• [PROBLEM TO WORK ON]
Your job is to print, exactly, the lines in the data below from the line with "Secret Life of Caterpillars" through the line with "Do it 7/8 In.", both included, and to omit any picture.
== ENTRIES SHOWN ==
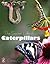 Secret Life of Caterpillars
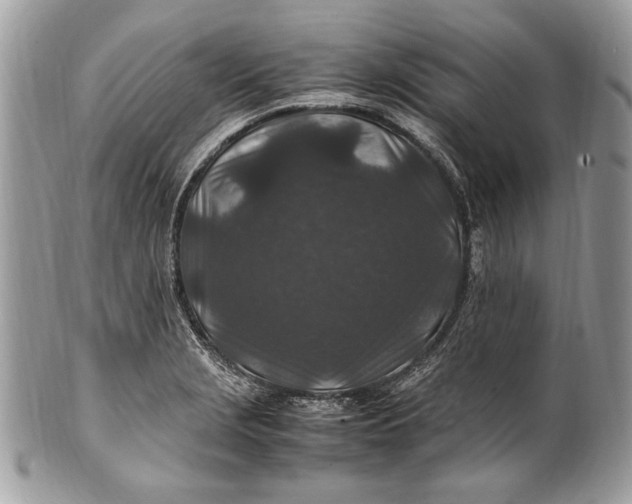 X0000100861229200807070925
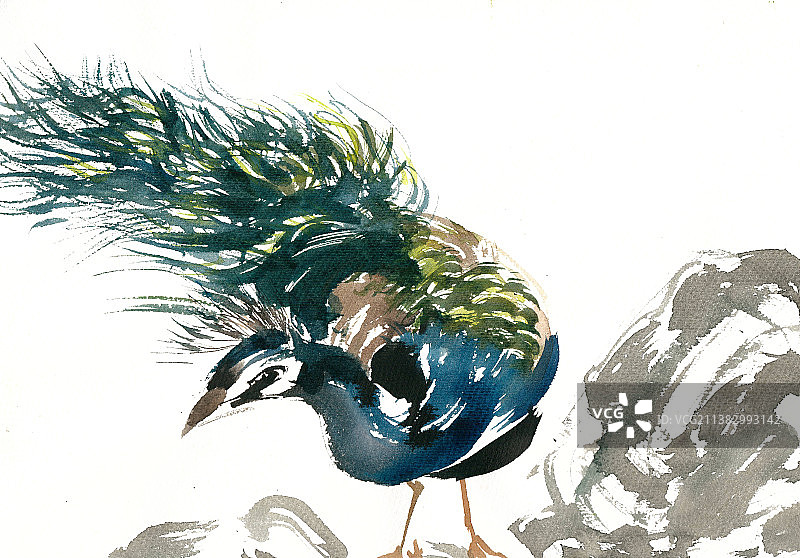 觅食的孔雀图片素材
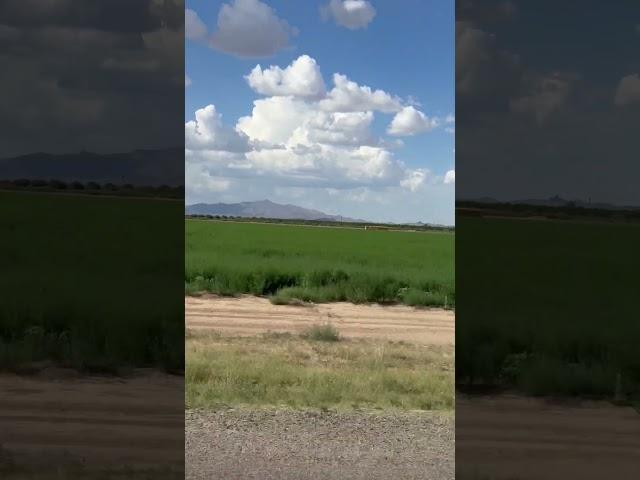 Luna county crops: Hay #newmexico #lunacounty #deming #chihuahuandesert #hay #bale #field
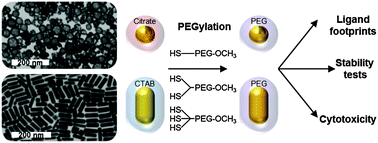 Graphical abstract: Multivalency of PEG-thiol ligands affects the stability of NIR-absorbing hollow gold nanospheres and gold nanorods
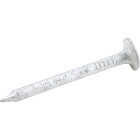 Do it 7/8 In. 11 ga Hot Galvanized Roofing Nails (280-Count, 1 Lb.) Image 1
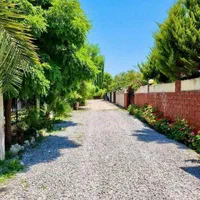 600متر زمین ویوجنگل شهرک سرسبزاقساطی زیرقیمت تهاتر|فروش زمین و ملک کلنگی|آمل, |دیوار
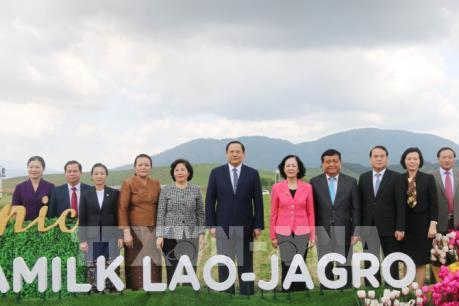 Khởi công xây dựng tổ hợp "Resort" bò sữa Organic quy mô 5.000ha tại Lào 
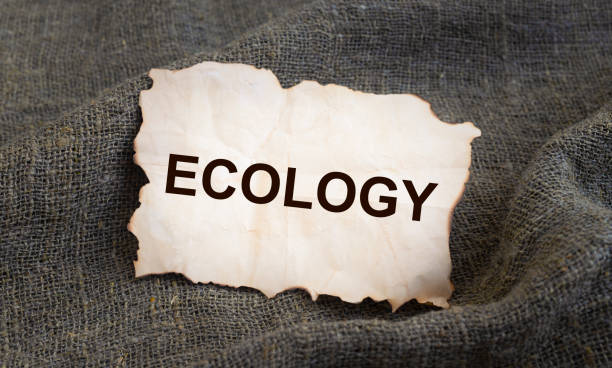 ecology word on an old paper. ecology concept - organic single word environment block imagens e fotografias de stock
===
== ENTRIES SHOWN ==
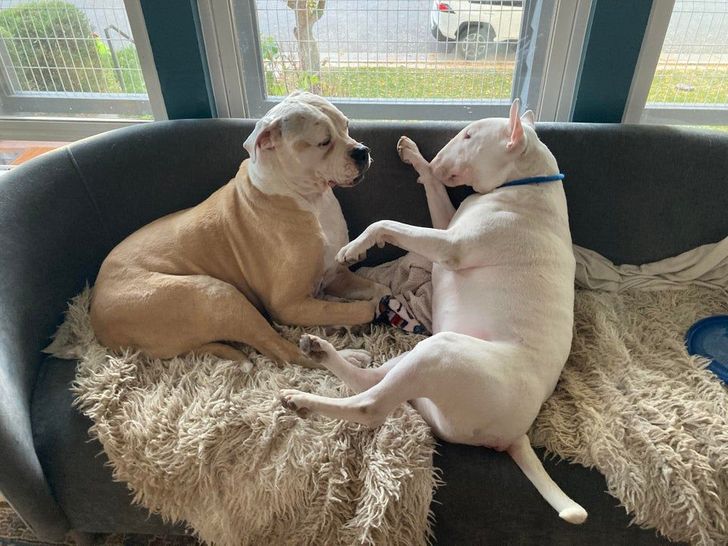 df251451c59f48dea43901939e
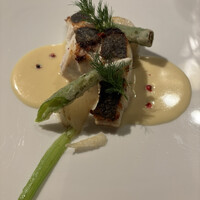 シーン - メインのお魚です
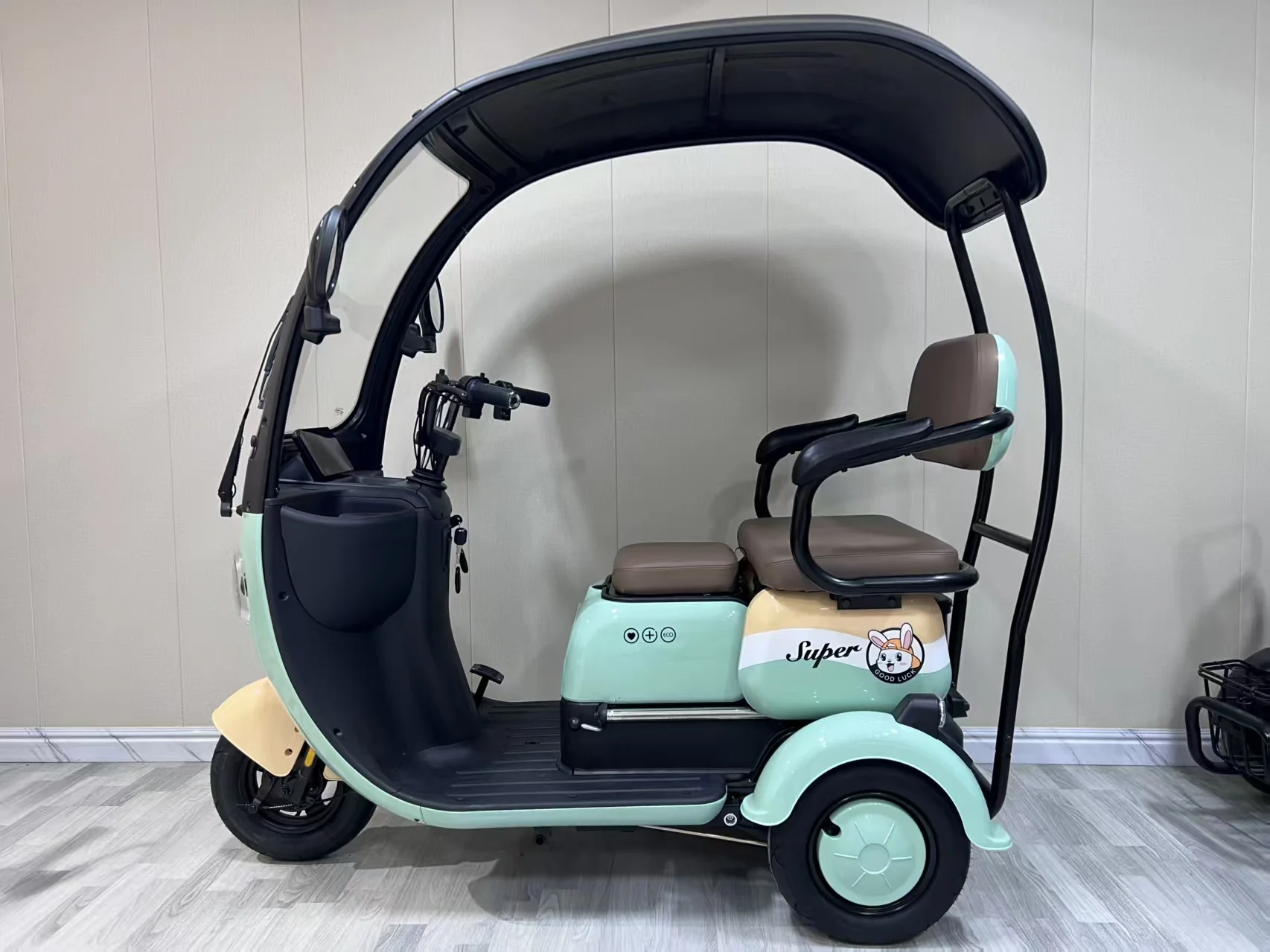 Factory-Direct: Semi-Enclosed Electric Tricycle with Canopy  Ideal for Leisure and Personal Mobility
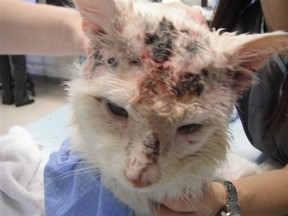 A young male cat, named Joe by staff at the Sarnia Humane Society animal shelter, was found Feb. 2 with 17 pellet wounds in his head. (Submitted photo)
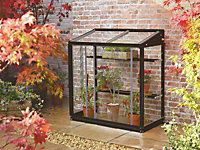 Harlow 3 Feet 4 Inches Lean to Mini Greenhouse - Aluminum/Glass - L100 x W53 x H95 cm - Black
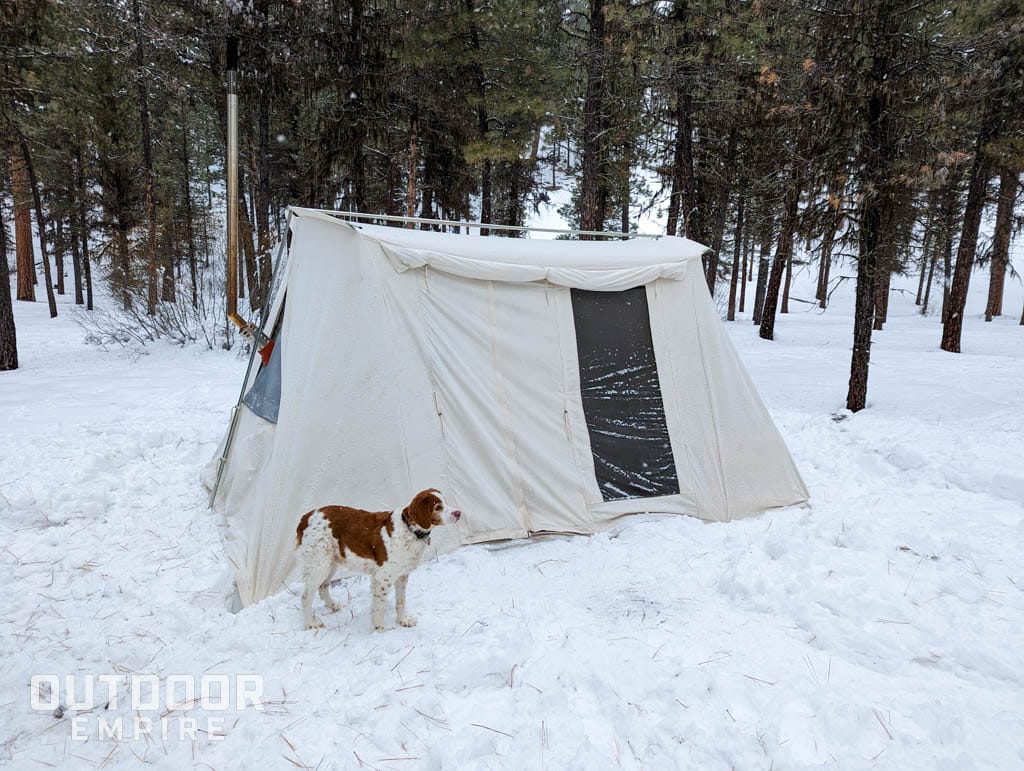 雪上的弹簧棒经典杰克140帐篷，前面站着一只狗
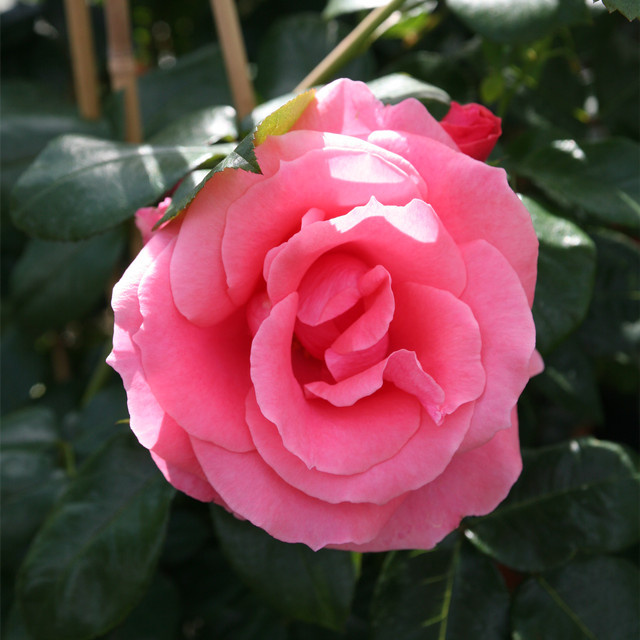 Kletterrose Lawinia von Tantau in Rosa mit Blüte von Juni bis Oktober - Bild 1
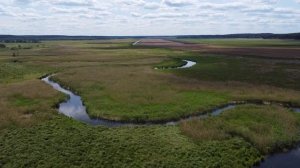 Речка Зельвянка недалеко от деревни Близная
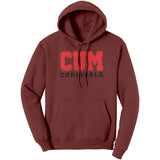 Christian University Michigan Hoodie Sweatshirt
===
== ENTRIES SHOWN ==
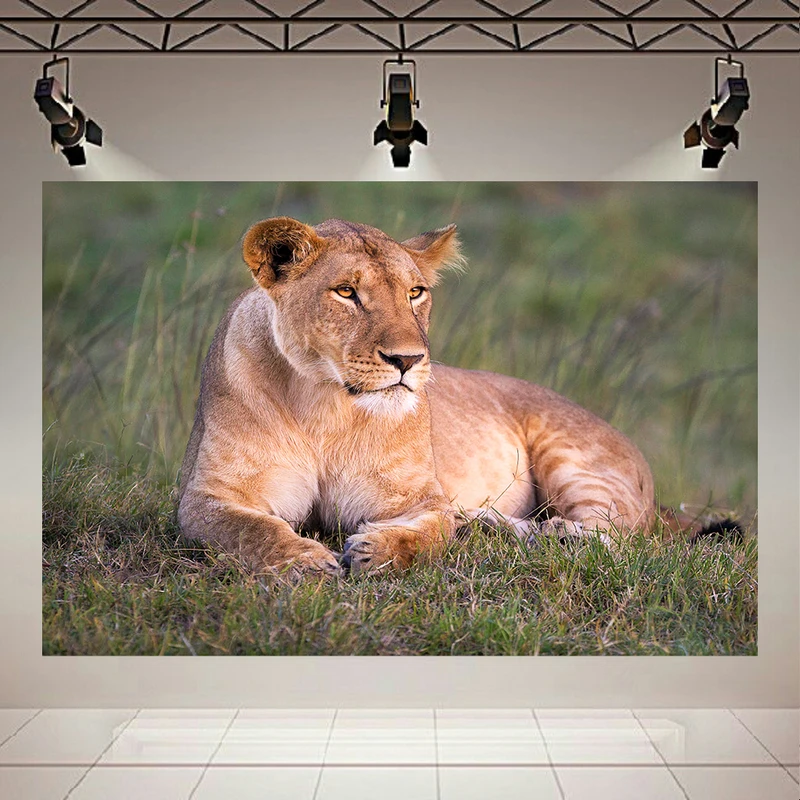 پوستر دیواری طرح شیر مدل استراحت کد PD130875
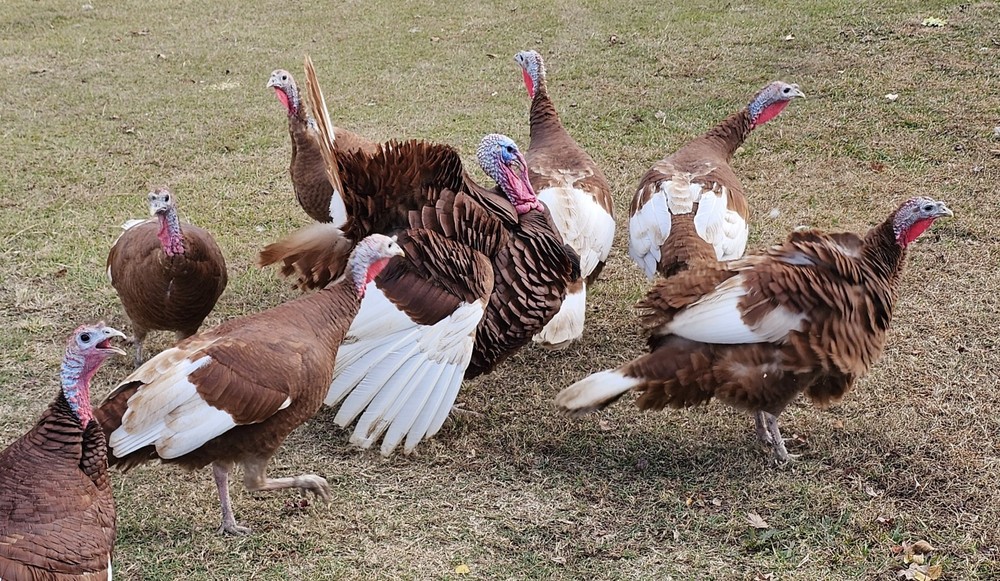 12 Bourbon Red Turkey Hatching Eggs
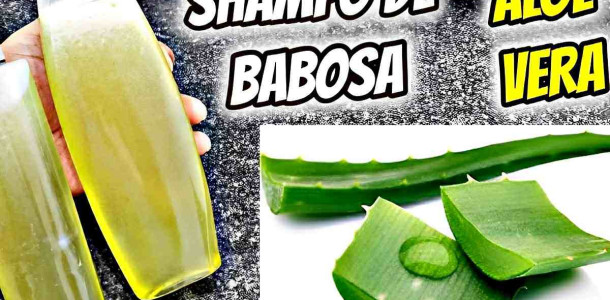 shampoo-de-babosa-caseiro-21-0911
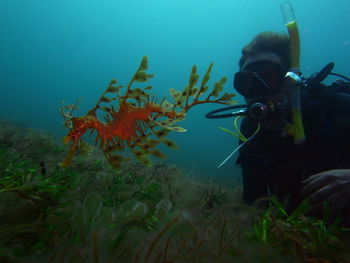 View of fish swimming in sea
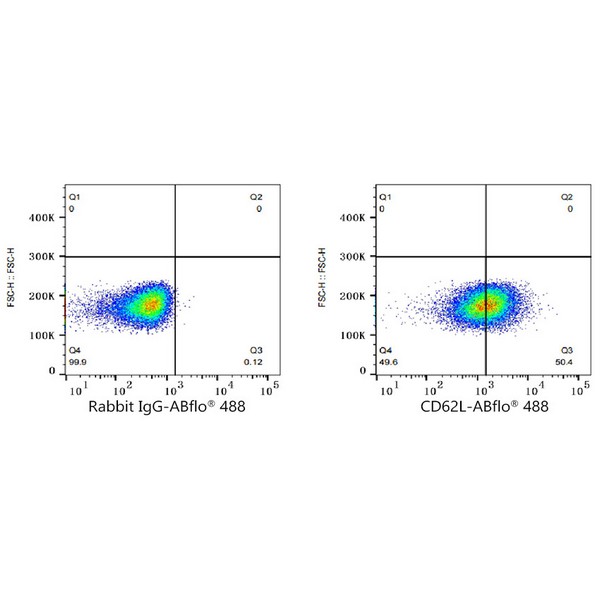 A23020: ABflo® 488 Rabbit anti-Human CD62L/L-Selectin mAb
===
• [YOUR RESPONSE]
 Secret Life of Caterpillars
 X0000100861229200807070925
 觅食的孔雀图片素材
 Luna county crops: Hay #newmexico #lunacounty #deming #chihuahuandesert #hay #bale #field
 Graphical abstract: Multivalency of PEG-thiol ligands affects the stability of NIR-absorbing hollow gold nanospheres and gold nanorods
 Do it 7/8 In. 11 ga Hot Galvanized Roofing Nails (280-Count, 1 Lb.) Image 1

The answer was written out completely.